At the first conference, I gave an overview of the Epistle and taught through chapter one.

Here are my personal study notes. I hope you find them helpful.

I THESSALONIANS CHAPTER ONE: VERSE BY VERSE (to read the Epistle, please click here)


I love these Epistles to the church in Thessalonica for many reasons. Here are two:

  • First, they are so prophetic
    • Paul and his colleagues are focusing the hearts of this young and growing church on the coming of our Lord Jesus Christ in every single chapter.
    • Paul’s explanation of the Rapture is the most detailed in all of Scripture. Indeed, Paul spends more time discussing the Rapture, the “Day of the Lord,” the Anti-Christ, and how to live holy, fruitful, impactful lives in the End Times in these two epistles than in any of his other letters.
    • Yet what is so wonderful is that Paul’s explicit focus in teaching eschatology is not to create discord or division, but to give “comfort” and “encouragement” to these young believers and this young church.
  • Second, they are so pastoral
    • The hearts of Paul, Silvanus and Timothy as true shepherds and disciple-makers – working together to care for and invest in this flock – are so beautifully revealed on each and every page.
    • The honesty and integrity of these shepherds is so clear in all they do.
    • The passion of these shepherds to feed this flock only God’s Word, “the whole counsel of God” – not their own opinions – is so evident.
    • They are both personal and practical, addressing a range of topics:
      1. How do I maintain the highest ethical standards? (chapter 2)
      2. How do I maintain highest standards of sexual purity in a pagan, sex-drenched culture? (4:1-12)
      3. How do I maintain hope in the face of the death of friends and loved ones? (4:13-18)
      4. How do I truly walk in the power of the Holy Spirit in the face of adversity and persecution? (chapter five)
  • This combination of the prophetic and the pastoral is something very special – extraordinary, even. It is easily missed when studying or teaching these two Epistles. Yet it raises several fascinating and important questions: Why did Paul put so much emphasis on eschatology in these two letters, among the earliest of the Epistles? Why, for example, did Paul write about sexual purity and the Rapture in the same chapter? What is the Holy Spirit trying to tell us in the Church today through the combination of these two elements in these two Epistles? And how faithfully are we applying what the Spirit was saying to the church of the Thessalonians in the ministries the Lord has given us today?

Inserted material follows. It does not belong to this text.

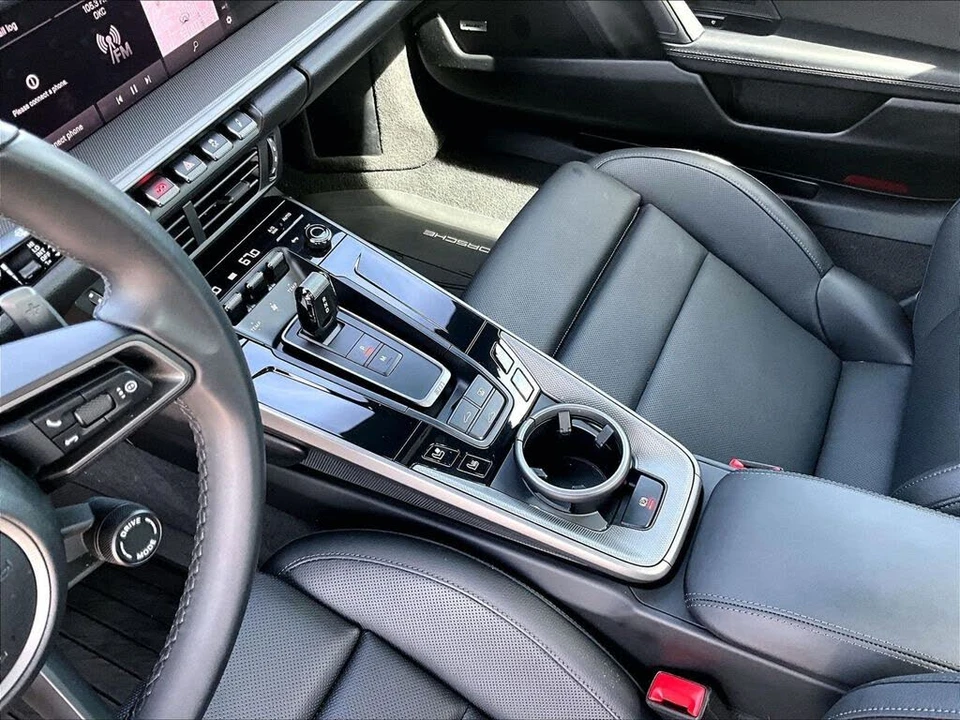 2025 Porsche 992 Carrera - Image 17 of 26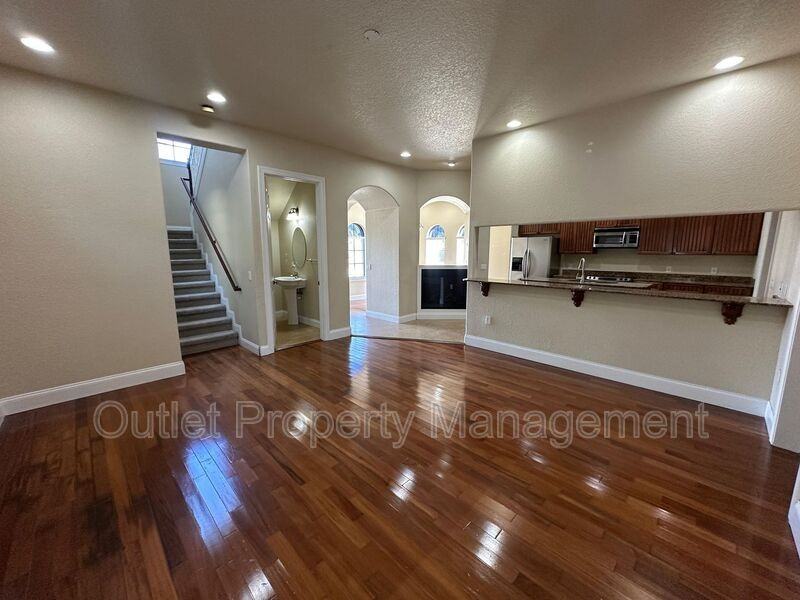 2005 Baylarian Blvd - Photo 7 of 20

Now, let us begin our study by turning to I Thessalonians chapter one….

Paul and Silvanus and Timothy, to the church of the Thessalonians in God the Father and the Lord Jesus Christ: Grace to you and peace.


  • Paul doesn’t open the epistle by describing himself as an apostle
  • But he didn’t need to either – all of the believers in Thessalonica knew who he was and knew how much they had been blessed by his ministry
  • It’s also interesting that Paul does not claim sole authorship of the letter.
  • There is no doubt that the Holy Spirit is using Paul as the lead author, but there is every reason to believe Silvanus and Timothy were deeply involved in the drafting of this Epistle, and its follow up letter.


  • Also known in Scripture as Silas (4 references to Silvanus, 14 to Silas).
  • Roman citizen (Acts 16:37)
  • highly respected by the Jewish elders of the Church in Jerusalem
    • participated in the Council of Jerusalem (Acts 15)
    • one of the “leading men among the brethren” (Acts 15:32)
    • thus most likely a Jewish believer (Acts 15:32)
    • chosen by James and the Council with Paul, Barnabus and Judas Barsabbas to take a letter from the Council to Antioch with instructions from the elders (Acts 15).
  • described in the Scriptures as a prophet (Acts 15:32)
  • fellow minister and traveling companion of Paul
    • chosen by Paul after the split with Barnabus (Acts 15:39-40)
    • began traveling with Paul “strengthening the churches” (Acts 15:41)
    • was with Paul when the Apostle received the “Macedonian Call” (Acts 16).
    • helped Paul preach Gospel in Philippi and was imprisoned (Acts 16)
    • helped Paul preach the Gospel in Thessalonica, make disciples and establish the church there (Acts 17)
    • escaped with Paul to Berea amidst much persecution (Acts 17:10)
    • trusted by Paul to preach, teach, encourage, disciple, etc.
  • helped write several epistles with Paul
    • I Thessalonians
    • II Thessalonians
  • apparently helped Peter as a scribe writing another Epistle (see I Peter 5:12)
    • considered by Peter as “our faithful brother” (I Peter 5:12)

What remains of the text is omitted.